The Women’s Handicraft Centre features a permanent exhibition center with symbols of everyday life showcasing the country’s history – from how women used to prepare for their wedding, to what perfumes and beauty products were prevalent throughout the ages. All aspects of daily life in the Emirates are displayed, showing the rich, creative history of people using their arid surroundings to its fullest. Hand-mills for grinding wheat into flour, floor looms for weaving al sadu, and hand spindles for processing camel and sheep wool into textiles, and spices that were used medicinally all tell a story. Here, the 70-odd women who are part of the center can display their skills while earning a living and safeguarding time-honored crafts. They work from nine to one every day, forming a happy community where they share laughs and stories while creating their intricate products. Many of them – ranging in age from 30, with the oldest one not knowing her age because she’s never had a birth certificate – came to the center thanks to the government, and some have been here for decades, earning a living they otherwise might not have been able to. While some have been taught the handicrafts by their mothers or grandmothers, others learned it at the center, becoming skilled in all the techniques before choosing the one they excel at and want to specialize in. Oum Ali is one such artisan, who credits the center with enabling her to become her family’s breadwinner. “My husband passed away when our children were very small. I’m so thankful to Sheikha Fatima because she gave me this opportunity to do this work, in order to have a decent life,” she shares. The group also includes people of determination, who have found a purpose and loving community where they can contribute to the culture of the nation.
“Women are still attached to their heritage,” Al Suwaidi says. “They never stop wearing talli or the cotton mokhour in their daily lives. They always glow in their traditional costumes that feature embroidery. The Emirati wedding ceremony is not complete unless the bride sways beside her groom wearing a luxury green traditional thobe.”

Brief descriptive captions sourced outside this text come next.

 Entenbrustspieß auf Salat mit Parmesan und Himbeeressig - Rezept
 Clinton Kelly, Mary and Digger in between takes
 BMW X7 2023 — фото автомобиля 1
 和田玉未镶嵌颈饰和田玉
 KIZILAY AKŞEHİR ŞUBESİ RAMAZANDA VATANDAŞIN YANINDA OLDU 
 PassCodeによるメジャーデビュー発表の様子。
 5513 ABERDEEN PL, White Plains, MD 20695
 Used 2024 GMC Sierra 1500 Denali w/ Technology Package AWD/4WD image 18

The GWU showcases these handicrafts whenever official delegations visit the country, as well as sending products to the Emirates’ embassies around the world. But the crafts are not just shared in an official capacity – many young people today have a renewed interest in their heritage, and are curious about its modern applications. A recent visit by architecture students led to some of them incorporating the handicrafts into their final projects in innovative ways. Schoolchildren and students regularly visit the center, with the GWU also recently signing an agreement with the Ministry of Education to enable female students to visit the GWU to meet its women and see their handcrafts. An annual competition for best traditional costume also attracts many entries, demonstrating the next generation’s fascination with tradition. “We are preparing to establish an industrial academy to teach more women the traditional Emirati crafts,” Al Suwaidi says. “The GWU strives to conserve the UAE’s heritage and ensures its survival by passing it on to the next generation. Heritage is not just the past, but also the present.”